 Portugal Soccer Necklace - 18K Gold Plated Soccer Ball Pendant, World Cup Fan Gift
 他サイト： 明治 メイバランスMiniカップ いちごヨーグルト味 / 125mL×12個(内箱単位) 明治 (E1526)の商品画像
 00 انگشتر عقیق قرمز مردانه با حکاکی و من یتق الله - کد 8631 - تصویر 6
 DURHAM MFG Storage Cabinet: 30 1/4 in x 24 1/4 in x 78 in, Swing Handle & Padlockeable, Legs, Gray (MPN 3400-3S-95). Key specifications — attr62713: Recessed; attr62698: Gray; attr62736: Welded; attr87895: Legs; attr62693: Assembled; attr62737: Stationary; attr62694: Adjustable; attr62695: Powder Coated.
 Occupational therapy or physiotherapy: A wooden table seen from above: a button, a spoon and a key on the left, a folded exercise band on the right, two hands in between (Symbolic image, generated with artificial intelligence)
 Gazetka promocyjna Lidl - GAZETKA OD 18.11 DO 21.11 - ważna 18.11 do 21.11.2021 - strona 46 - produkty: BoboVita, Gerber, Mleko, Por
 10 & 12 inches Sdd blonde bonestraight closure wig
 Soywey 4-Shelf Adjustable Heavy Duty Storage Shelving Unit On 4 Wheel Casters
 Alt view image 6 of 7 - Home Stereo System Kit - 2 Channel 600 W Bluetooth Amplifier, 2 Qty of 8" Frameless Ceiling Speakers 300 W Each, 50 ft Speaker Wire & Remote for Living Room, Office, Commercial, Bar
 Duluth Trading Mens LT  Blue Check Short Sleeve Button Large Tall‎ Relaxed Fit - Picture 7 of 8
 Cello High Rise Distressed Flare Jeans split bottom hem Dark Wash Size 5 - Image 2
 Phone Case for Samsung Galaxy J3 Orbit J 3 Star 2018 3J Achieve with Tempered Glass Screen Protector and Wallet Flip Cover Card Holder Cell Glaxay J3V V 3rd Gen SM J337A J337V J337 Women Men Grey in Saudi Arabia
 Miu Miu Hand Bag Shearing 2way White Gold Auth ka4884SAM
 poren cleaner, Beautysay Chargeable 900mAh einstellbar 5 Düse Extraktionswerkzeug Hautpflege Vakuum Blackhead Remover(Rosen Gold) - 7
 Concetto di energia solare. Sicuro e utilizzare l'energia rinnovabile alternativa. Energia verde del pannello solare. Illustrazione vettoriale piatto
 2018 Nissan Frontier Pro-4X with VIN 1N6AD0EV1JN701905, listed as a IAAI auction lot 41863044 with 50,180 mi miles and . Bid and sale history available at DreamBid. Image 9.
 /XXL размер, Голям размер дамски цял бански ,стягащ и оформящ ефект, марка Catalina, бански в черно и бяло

════════════════

Task instructions
From the entries above, copy every line that holds the word "with".

Written solution
 Occupational therapy or physiotherapy: A wooden table seen from above: a button, a spoon and a key on the left, a folded exercise band on the right, two hands in between (Symbolic image, generated with artificial intelligence)
 Phone Case for Samsung Galaxy J3 Orbit J 3 Star 2018 3J Achieve with Tempered Glass Screen Protector and Wallet Flip Cover Card Holder Cell Glaxay J3V V 3rd Gen SM J337A J337V J337 Women Men Grey in Saudi Arabia
 2018 Nissan Frontier Pro-4X with VIN 1N6AD0EV1JN701905, listed as a IAAI auction lot 41863044 with 50,180 mi miles and . Bid and sale history available at DreamBid. Image 9.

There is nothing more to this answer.